As we say this positivist perspective can be contrasted with the situated and phenomenological approaches. Of significance in this general view is a distinction between the objective body and the lived body (e.g. Merleau-Ponty, 1962, 1968). The objective body can be characterised in terms of how bodily actions might be described from a third person’s point of view – an abstracted description of muscular performance that can be defined and represented. The lived body view, by contrast, concerns the way that people experience and perceive the world through bodily actions. In this perspective, the lived body is in constant rapport with the situated circumstances and it is through actions on the world that those circumstances and the role or function of the embodied actor are made meaningful. The conscious experience of the world and the way it is understood are inseparable from the process of acting in that world. This view emphasizes the subjective construction of meaning through praxis. This subjectivity is, however, publically available not solely through Husserl’s technique of introspection, but, as Merleau-Ponty wantd to point out, through everyday practices, such as through discourse, for example.

A second significant element of this perspective comes from Wittgenstein (1967), and his claim that, through action, people create shared meanings with others, and these shared meanings are the essential common ground that enable individual perception to be cohered into socially organized, understood and coordinated experiences.
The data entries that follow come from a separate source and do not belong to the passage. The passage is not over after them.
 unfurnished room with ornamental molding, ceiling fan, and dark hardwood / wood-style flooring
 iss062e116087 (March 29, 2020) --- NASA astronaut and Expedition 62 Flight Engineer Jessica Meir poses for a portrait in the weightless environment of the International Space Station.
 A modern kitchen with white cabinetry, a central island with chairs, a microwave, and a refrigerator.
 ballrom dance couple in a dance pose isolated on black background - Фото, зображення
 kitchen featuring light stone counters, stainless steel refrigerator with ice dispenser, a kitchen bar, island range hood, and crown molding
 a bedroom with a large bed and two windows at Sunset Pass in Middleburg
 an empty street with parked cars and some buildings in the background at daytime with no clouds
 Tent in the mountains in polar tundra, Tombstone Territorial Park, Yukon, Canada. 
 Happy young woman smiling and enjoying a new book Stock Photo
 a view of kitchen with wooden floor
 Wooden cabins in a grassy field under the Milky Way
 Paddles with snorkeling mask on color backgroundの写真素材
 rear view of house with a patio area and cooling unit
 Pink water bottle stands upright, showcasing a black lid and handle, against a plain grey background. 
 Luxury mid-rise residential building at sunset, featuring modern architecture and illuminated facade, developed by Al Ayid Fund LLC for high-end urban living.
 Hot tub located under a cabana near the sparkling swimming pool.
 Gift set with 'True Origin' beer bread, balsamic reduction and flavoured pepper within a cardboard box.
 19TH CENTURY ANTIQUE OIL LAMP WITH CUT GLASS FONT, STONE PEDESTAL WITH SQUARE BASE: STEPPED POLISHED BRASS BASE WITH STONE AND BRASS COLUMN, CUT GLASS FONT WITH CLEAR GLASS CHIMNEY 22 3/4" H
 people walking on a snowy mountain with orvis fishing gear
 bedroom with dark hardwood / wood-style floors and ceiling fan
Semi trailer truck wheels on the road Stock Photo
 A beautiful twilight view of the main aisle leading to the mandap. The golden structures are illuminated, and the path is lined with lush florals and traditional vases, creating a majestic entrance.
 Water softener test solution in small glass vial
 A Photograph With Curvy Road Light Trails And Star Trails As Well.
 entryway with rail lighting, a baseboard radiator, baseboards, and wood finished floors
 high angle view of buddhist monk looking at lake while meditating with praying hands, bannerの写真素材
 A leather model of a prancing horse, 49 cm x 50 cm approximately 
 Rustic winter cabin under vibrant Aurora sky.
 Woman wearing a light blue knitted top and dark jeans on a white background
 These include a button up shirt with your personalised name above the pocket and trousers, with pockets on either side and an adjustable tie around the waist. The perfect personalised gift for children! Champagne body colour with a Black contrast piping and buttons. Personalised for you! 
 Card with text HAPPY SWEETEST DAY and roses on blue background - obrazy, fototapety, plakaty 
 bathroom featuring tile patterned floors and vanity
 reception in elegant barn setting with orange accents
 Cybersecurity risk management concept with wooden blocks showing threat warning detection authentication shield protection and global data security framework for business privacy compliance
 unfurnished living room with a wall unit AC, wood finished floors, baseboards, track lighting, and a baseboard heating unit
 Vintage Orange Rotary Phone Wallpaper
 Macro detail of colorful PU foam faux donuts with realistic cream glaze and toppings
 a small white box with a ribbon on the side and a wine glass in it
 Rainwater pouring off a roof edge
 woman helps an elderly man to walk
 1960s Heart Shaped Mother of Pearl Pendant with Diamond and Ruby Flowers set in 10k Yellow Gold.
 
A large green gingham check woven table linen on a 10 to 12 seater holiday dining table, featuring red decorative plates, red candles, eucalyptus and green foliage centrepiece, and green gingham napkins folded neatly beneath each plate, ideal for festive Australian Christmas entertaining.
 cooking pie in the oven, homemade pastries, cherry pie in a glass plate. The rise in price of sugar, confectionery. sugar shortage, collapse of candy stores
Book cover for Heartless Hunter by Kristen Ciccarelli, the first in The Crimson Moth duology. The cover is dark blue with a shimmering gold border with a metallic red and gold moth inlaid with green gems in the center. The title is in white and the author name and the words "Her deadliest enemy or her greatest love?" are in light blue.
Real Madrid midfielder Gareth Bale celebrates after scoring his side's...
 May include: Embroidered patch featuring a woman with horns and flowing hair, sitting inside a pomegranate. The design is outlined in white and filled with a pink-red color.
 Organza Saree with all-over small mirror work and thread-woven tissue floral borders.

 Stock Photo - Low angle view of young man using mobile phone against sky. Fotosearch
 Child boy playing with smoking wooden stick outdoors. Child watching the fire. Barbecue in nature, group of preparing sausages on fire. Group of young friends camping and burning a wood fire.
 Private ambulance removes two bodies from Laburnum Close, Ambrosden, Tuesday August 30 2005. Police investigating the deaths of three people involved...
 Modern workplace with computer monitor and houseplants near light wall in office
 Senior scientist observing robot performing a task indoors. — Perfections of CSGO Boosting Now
This draws attention to how actions come to be treated as somehow rational and accountable, as demonstrably about a known-in-common purpose. Garfinkel developed this point and highlighted how talk, situated talk, or as he put it, reflexive talk, is central to how activities come to be understood. Where Merleau-Ponty emphasized the individual subject and their bodily praxis, Wittgenstein (and hence Garfinkel) emphasized the social basis of the individual’s experience, and this pointed towards language and its use in context, to how people act together through talk and other reflexive activities.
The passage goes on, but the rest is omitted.